*** Opening of EXERCISE MATERIALS ***
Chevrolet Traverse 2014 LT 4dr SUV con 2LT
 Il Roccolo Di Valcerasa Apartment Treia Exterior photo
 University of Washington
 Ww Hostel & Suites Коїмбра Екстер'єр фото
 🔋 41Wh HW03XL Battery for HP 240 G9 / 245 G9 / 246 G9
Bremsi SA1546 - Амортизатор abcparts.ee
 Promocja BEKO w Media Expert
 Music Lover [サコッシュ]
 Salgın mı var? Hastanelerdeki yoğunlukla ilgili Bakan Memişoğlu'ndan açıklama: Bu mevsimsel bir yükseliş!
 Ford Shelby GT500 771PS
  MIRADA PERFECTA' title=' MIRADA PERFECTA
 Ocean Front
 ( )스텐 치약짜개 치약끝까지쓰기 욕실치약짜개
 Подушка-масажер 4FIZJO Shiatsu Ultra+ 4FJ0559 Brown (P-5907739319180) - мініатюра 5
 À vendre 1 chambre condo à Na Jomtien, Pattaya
*** Close of EXERCISE MATERIALS ***
→ TASK OBJECTIVE:
Every entry, from first to last, is to be reproduced exactly.

→ WRITTEN REPLY:
Chevrolet Traverse 2014 LT 4dr SUV con 2LT
 Il Roccolo Di Valcerasa Apartment Treia Exterior photo
 University of Washington
 Ww Hostel & Suites Коїмбра Екстер'єр фото
 🔋 41Wh HW03XL Battery for HP 240 G9 / 245 G9 / 246 G9
Bremsi SA1546 - Амортизатор abcparts.ee
 Promocja BEKO w Media Expert
 Music Lover [サコッシュ]
 Salgın mı var? Hastanelerdeki yoğunlukla ilgili Bakan Memişoğlu'ndan açıklama: Bu mevsimsel bir yükseliş!
 Ford Shelby GT500 771PS
  MIRADA PERFECTA' title=' MIRADA PERFECTA
 Ocean Front
 ( )스텐 치약짜개 치약끝까지쓰기 욕실치약짜개
 Подушка-масажер 4FIZJO Shiatsu Ultra+ 4FJ0559 Brown (P-5907739319180) - мініатюра 5
 À vendre 1 chambre condo à Na Jomtien, Pattaya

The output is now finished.